§ **ABOUT THIS TASK**: Exactly the lines from the one containing "When you save" through the one containing "This YouTube channel" in the listing below are to be copied, with the pictures left out.

§ **ENTRIES SHOWN**:
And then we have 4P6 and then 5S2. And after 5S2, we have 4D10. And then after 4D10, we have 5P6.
--
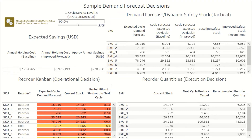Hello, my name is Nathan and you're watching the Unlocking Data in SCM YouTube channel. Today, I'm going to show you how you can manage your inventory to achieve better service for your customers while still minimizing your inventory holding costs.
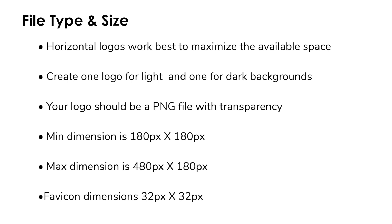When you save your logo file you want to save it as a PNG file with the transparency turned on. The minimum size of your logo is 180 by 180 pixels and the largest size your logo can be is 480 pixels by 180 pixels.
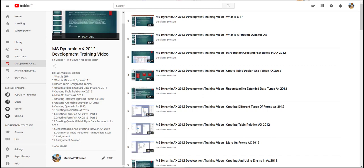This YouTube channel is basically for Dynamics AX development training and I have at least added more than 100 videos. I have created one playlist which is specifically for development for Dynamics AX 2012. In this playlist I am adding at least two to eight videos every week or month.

§ **ANSWER**:
When you save your logo file you want to save it as a PNG file with the transparency turned on. The minimum size of your logo is 180 by 180 pixels and the largest size your logo can be is 480 pixels by 180 pixels.
This YouTube channel is basically for Dynamics AX development training and I have at least added more than 100 videos. I have created one playlist which is specifically for development for Dynamics AX 2012. In this playlist I am adding at least two to eight videos every week or month.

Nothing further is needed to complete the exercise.